Sur ce point, fidèle à notre position des années passées, reporter la suppression de la CVAE nous interroge. Le plus dur avait été fait, Monsieur le Ministre : garantir aux collectivités locales une ressource pérenne et dynamique. Revenir sur ce calendrier – nous le craignons – c’est brouiller une stratégie qui avait le mérite de la clarté.


Au même titre que le crédit d’impôt pour les investissements dans l’industrie verte ou le plan d’épargne avenir climat, toutes les dépenses qui accélèrent la réindustrialisation de notre territoire, sont des dépenses avec un retour sur investissement rapide et massif. Nous améliorerons notre bilan carbone global ; nous rétablirons notre balance commerciale ; nous continuerons à créer de l’emploi et à innover.


Et surtout : ce sont nos territoires qui en profiteront pleinement. Miser sur la réindustrialisation, c’est offrir à nos territoires, et notamment à nos territoires ruraux, des perspectives nouvelles. C’est leur faire une promesse d’attractivité et de compétitivité.

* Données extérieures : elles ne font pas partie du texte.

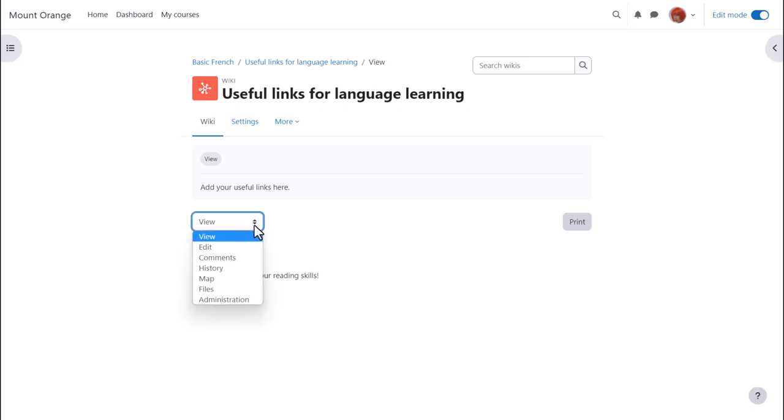From the drop down, if enabled comments allows you to see and add comments to the wiki.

C’est bien là que se trouve la réponse à la menace de désagrégation sociale.


Miser sur nos territoires, c’est renforcer la cohésion sociale de notre pays. À cet égard, vous avez, Monsieur le Ministre, des alliés que vous auriez tort de négliger. Ces alliés seront toujours au rendez-vous des solutions qui fonctionnent sur le terrain. Ces alliés, ce sont les collectivités locales.


Leur message est clair : elles veulent des politiques frappées au coin du bon sens, elles veulent une relation de confiance avec l’État. Le Congrès des Maires leur offre, comme chaque année, une caisse de résonnance en pleine séquence budgétaire.


L’augmentation de la dotation globale de fonctionnement, à hauteur de 220 millions d’euros, est de ce point de vue, une bonne nouvelle pour les élus locaux. Après la crise sanitaire et le pic inflationniste, une stagnation de leurs moyens aurait été malvenue. Plusieurs autres mesures devront renforcer la relation de confiance.

Je pense bien sûr à la redéfinition des ZRR, dont nous aurons l’occasion de débattre longuement, mais aussi à la rétrocession aux collectivités des amendes prélevées dans les Zones à Faibles Émissions et, bien sûr, au renforcement du Pacte de stabilité au profit des communes nouvelles.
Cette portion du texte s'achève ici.